# Differential Equations - Logistic Model

1. Mar 8, 2012

### NSOutWest

I have the equation dP/dt = kP(1 - P/A). It is supposed to describe a logistical situatuon involving the carrying capacity of the system.

k is a constant, and A is the carrying capacity of the system. t is time and P is population as a function of time. P(0) = P0. I solved c (the integration constant) to be:

c = -ln|(P0)/(A - P0)|

I'm trying to solve the equation in terms of t.

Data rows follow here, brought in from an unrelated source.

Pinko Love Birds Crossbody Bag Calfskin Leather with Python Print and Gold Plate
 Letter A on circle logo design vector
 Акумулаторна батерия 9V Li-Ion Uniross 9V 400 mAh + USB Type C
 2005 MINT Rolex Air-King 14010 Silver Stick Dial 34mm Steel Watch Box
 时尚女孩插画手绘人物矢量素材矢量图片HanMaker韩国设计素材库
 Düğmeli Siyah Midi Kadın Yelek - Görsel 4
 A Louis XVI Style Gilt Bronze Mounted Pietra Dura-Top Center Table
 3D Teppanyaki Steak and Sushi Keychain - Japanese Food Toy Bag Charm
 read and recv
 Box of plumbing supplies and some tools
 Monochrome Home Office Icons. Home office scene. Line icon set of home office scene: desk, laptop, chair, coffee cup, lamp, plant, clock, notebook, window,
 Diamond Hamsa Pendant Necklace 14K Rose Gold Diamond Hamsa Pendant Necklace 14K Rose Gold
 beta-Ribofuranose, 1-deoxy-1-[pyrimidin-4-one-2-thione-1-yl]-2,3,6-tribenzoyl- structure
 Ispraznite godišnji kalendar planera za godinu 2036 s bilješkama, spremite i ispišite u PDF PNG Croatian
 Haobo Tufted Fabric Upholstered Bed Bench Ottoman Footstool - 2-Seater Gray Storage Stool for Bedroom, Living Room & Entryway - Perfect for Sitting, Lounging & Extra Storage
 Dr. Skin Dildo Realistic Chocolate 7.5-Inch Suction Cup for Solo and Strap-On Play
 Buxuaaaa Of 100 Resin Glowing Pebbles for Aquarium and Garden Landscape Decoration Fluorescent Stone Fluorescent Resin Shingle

In my calculus book, a similar equation is given with an explanation.

dP/dt = 0.1P(1 - P/300)

With an initial condition of P(0) = 50, c is found to be ln(1/5). A = 300 and k = 0.1.

I follow along well up to this point.

After solving for c, the book lists the rearranged equation as:

P(t) = 300/(1 + 5e-0.1t)

I don't understand how they went from one equation to the other, the closest I could come with the general equation was:

P(t) = (Aekt + Q)/(1 + ekt) where Q = (P0)/(A - P0)

Which would coincide with an equation of:

(300e0.1t + .2)/(1 + e0.1t)

Which, when graphed, is not equivalent to the equation given by the book.

Can anyone go over how to solve the general equation? I think I'm missing some crucial point.

Thank you!

Last edited: Mar 8, 2012
2. Mar 8, 2012

### tjackson3

This equation is separable - meaning that you can get all of the terms involving P on one side (including dP), all of the terms involving t on the other (including dt), and integrate both sides.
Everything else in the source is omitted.